The Lower Ninth Ward Health Clinic was Pat Berryhill's home for nearly three
decades until Hurricane Katrina sent flood water to its ceiling. Now, as the
sign in the front reads, it is "Your Medical Home." Alice, who worked at
Charity Hospital for 20 years, was flooded out of her home in eastern New
Orleans and now is living in a FEMA trailer in the Lower 9th. The clinic --
which has paid staff and volunteers -- operates strictly on donations and is
partnering with St. Margaret's Daughters, California Nurses Association,
AARP, Tulane's New Orleans Children's Health Project, and others. The Common
Ground Lower 9th Ward Project was instrumental in the clinic's formation.

"The uninsured are getting discharged prematurely from private hospitals.
People don't have access to their medications for chronic diseases -- high
blood pressure, thyroid condition, and diabetes leading to more serious
complications. We need Charity Hospital."

Charles Jarreau, RN Pre-Katrina: Memorial Medical Center Post-Katrina: New
Orleans Gamma Knife and PET Center

A Baton Rouge native, Charles worked the five days of the storm in the
intensive care unit at Memorial Medical Center in New Orleans, which is now
closed. Post-Katrina, Charles has become active in the American Cancer
Society, volunteering at the Hope Lodge, a free hotel available to cancer
patients and their families to stay during treatment.

Laurie McInnis, RN Pre-Katrina: Home Health Nurse, St.
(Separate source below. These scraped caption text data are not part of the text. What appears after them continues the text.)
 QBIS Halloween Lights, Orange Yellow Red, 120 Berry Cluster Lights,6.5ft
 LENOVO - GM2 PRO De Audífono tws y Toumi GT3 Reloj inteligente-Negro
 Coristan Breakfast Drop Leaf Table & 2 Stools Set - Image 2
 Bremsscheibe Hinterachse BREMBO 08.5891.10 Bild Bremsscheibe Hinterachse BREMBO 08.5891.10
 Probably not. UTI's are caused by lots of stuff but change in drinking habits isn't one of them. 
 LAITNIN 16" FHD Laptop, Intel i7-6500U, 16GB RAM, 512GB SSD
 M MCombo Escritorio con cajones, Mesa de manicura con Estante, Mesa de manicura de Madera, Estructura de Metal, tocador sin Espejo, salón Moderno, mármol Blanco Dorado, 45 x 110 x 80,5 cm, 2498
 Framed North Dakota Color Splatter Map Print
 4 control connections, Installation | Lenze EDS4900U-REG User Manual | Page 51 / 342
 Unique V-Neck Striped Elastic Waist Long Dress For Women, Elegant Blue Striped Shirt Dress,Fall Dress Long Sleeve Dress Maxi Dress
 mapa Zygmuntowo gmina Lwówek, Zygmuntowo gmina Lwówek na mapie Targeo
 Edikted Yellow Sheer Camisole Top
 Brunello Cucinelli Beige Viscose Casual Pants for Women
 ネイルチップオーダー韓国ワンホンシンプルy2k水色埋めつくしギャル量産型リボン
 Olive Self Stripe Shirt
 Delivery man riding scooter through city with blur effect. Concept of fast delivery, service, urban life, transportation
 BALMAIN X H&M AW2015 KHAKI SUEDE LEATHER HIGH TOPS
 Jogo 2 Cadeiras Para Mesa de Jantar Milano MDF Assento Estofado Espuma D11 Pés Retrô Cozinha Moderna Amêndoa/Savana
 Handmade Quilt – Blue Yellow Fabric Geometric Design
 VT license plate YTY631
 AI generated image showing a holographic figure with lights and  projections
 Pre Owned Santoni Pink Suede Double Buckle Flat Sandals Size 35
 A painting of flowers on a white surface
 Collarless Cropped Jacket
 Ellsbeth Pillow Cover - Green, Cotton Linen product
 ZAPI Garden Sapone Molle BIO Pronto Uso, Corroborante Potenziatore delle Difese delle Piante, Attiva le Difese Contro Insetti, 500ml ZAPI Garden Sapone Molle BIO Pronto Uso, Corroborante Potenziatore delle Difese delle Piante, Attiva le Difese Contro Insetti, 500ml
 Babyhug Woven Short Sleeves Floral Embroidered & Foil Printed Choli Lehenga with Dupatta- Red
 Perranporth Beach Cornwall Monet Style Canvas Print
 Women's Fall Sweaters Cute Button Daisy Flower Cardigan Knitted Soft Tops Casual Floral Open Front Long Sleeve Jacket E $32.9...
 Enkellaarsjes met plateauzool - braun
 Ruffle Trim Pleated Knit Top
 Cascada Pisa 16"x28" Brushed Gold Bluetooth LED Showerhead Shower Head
Bernard Parish
Post-Katrina: St. Bernard School Parish

A St. Bernard Parish native, Laurie evacuated to Baton Rouge with her family
where she resided for ten months. Upon returning home, she found St.
Bernard's population had plummeted from 100,000 to 25,000 which included
most of the elderly residents she had worked with as a home health RN since
1991. Her husband, a coach and teacher at the local high school, discovered
the need for a school nurse, where she has worked for the last year
providing care for over 4,000 students crowded into two schools.

Anne Mull, RN, FNP Pre-Katrina: University of Ca., S.F. Family Nurse
Practioner Post-Katrina: Common Ground Health Clinic, Algiers

Hailing from Berkeley, Calif., Anne signed on to CNA/NNOC's Katrina disaster
relief effort in September 2005 and spent a week helping to staff the
emergency department of Earl K. Long Medical Center in Baton Rouge. She
accompanied several other California RNs working at Earl K. Long to New
Orleans before it was officially reopened to find out where there was a need
for RNs. She began working as a volunteer nurse at the Common Ground Health
Clinic in Algiers where she now works as a family nurse practioner.


"We see 40 to 50 patients a day and don't take appointments so every morning
there is a line of patients outside the clinic door waiting to be seen. The
section of Algiers we are in is mostly poor and mostly black. The community
has been underserved by accessible healthcare for years -- only a
maternal/newborn clinic has been functioning. With the closure of Charity
Hospital, there is virtually nowhere to refer our clinic patients who need
diagnostic services or specialty care."